Task: Below are lines of data; give the number of them that contain "Apple", and only that.

• • • • • • •

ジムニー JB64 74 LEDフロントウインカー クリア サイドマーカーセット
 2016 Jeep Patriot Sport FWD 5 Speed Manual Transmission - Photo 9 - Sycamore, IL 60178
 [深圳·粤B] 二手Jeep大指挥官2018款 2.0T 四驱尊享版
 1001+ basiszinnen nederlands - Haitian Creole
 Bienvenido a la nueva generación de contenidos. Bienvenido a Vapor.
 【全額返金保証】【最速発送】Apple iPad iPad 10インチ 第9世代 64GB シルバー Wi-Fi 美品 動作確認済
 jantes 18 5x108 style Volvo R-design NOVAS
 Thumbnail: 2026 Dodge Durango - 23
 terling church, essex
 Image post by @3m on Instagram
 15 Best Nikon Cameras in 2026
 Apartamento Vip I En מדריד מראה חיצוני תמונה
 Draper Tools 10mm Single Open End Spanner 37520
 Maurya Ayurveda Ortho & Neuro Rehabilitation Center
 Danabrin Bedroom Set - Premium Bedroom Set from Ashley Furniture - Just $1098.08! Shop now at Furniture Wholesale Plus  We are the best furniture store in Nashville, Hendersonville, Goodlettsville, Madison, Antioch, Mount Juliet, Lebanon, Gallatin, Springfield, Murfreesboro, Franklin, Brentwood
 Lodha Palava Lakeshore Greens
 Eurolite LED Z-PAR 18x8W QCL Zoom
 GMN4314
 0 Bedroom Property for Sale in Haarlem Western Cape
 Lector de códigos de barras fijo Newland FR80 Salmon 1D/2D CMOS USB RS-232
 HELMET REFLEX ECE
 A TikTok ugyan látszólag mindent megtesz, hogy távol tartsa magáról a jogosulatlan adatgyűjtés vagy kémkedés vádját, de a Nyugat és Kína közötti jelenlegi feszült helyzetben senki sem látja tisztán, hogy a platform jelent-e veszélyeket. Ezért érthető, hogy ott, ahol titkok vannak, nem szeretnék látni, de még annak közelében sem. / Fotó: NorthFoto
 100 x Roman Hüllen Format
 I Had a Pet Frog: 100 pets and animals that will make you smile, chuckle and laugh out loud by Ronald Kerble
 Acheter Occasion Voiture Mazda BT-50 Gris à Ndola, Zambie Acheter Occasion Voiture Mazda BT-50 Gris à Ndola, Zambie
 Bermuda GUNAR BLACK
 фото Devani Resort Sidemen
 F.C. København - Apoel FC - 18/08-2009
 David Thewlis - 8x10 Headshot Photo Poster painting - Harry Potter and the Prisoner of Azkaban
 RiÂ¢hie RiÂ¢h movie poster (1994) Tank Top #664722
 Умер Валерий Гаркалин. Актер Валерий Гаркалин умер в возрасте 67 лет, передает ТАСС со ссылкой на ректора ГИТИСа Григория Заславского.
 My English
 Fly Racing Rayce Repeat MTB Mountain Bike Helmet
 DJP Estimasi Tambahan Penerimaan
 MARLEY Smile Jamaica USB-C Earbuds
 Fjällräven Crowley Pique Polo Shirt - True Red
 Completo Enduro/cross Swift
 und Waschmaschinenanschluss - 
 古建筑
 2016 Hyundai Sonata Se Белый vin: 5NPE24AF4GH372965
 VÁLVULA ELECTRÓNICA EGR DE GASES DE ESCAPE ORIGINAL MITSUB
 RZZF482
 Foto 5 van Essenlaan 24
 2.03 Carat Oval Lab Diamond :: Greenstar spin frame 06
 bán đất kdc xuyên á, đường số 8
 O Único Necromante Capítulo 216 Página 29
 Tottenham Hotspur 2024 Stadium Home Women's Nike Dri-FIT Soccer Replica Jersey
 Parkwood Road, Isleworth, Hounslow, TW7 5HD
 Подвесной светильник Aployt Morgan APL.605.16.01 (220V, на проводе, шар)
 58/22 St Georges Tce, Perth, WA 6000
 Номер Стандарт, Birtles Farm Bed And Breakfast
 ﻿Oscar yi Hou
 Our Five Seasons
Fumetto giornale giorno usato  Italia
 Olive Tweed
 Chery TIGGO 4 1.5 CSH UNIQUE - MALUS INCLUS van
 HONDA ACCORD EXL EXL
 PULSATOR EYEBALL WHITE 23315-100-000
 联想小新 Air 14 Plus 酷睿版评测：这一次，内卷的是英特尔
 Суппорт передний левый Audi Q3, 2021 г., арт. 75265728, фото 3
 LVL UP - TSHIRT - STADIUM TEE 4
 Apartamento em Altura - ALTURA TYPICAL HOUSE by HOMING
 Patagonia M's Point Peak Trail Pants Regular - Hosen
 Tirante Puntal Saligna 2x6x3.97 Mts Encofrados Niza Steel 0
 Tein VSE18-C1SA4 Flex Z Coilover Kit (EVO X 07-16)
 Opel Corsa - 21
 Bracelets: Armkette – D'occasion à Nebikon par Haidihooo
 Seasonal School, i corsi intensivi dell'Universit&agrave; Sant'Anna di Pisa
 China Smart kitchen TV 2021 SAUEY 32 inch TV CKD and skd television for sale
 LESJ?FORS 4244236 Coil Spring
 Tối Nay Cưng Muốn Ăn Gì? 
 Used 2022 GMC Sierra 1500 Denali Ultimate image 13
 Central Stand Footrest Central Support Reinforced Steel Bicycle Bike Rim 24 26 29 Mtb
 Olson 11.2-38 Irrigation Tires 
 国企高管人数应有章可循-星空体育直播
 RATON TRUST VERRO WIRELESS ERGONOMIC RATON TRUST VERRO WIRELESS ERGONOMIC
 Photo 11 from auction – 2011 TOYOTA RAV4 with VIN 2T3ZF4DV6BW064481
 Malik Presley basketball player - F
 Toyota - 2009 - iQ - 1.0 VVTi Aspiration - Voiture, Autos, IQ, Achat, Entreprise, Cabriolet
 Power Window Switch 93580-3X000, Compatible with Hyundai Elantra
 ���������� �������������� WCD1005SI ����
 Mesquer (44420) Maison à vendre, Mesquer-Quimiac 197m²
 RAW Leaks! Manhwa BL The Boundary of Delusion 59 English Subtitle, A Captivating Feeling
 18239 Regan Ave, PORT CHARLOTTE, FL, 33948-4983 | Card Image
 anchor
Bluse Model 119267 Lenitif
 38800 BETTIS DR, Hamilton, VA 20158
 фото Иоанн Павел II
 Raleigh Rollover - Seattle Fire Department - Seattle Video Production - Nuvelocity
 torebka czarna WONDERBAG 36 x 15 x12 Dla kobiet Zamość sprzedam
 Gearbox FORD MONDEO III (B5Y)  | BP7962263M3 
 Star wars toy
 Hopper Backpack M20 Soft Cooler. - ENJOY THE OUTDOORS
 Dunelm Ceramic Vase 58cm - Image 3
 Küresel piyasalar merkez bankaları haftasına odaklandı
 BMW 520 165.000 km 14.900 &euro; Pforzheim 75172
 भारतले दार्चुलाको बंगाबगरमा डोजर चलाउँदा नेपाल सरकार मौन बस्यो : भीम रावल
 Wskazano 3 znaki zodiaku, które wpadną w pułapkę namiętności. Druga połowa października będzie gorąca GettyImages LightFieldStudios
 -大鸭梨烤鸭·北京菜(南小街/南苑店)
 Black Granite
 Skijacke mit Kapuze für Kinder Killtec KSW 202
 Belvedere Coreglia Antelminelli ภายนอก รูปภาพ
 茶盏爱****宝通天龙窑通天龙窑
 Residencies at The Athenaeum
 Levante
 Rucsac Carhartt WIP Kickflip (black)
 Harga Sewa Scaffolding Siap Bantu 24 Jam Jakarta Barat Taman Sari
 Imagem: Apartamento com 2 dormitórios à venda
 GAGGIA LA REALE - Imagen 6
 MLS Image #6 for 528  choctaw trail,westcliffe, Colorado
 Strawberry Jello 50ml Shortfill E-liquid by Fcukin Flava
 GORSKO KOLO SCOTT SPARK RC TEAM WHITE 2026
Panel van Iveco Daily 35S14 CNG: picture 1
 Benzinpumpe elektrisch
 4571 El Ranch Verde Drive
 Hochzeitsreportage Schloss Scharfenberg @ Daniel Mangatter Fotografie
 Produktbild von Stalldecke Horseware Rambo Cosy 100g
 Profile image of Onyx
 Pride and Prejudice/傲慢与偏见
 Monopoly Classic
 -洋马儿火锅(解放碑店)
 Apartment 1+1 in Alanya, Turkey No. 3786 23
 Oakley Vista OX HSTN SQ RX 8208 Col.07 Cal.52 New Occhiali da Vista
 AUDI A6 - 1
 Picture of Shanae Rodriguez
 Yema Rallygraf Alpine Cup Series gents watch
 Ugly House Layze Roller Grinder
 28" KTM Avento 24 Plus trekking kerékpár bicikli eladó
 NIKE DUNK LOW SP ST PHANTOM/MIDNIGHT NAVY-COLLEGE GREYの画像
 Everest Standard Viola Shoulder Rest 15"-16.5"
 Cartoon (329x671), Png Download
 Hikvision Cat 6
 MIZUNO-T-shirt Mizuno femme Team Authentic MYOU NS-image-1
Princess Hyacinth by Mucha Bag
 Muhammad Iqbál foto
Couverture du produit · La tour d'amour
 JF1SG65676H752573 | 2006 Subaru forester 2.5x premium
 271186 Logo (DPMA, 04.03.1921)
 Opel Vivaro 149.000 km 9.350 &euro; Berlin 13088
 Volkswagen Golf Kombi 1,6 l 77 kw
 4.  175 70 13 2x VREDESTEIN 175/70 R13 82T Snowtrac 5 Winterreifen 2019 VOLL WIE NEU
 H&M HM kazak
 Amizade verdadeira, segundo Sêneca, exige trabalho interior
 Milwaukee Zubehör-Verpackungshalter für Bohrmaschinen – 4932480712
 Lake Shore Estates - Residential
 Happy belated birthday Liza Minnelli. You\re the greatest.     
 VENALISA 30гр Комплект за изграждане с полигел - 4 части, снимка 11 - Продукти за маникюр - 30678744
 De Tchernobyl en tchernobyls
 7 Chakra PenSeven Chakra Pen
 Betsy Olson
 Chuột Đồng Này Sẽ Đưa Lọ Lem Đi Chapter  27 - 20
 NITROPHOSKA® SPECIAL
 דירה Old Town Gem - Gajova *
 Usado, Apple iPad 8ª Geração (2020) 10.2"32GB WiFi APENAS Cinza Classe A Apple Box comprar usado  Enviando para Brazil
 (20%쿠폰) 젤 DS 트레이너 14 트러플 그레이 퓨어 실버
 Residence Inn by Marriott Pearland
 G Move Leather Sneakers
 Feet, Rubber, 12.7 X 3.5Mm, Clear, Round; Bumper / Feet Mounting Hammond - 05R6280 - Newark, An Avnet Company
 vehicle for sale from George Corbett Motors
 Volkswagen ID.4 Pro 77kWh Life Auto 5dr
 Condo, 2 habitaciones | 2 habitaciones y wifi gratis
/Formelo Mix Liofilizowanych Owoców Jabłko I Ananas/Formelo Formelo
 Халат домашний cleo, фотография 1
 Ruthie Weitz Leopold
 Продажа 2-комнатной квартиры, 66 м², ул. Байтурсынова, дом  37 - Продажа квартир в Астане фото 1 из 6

• • • • • • •

Your response: 2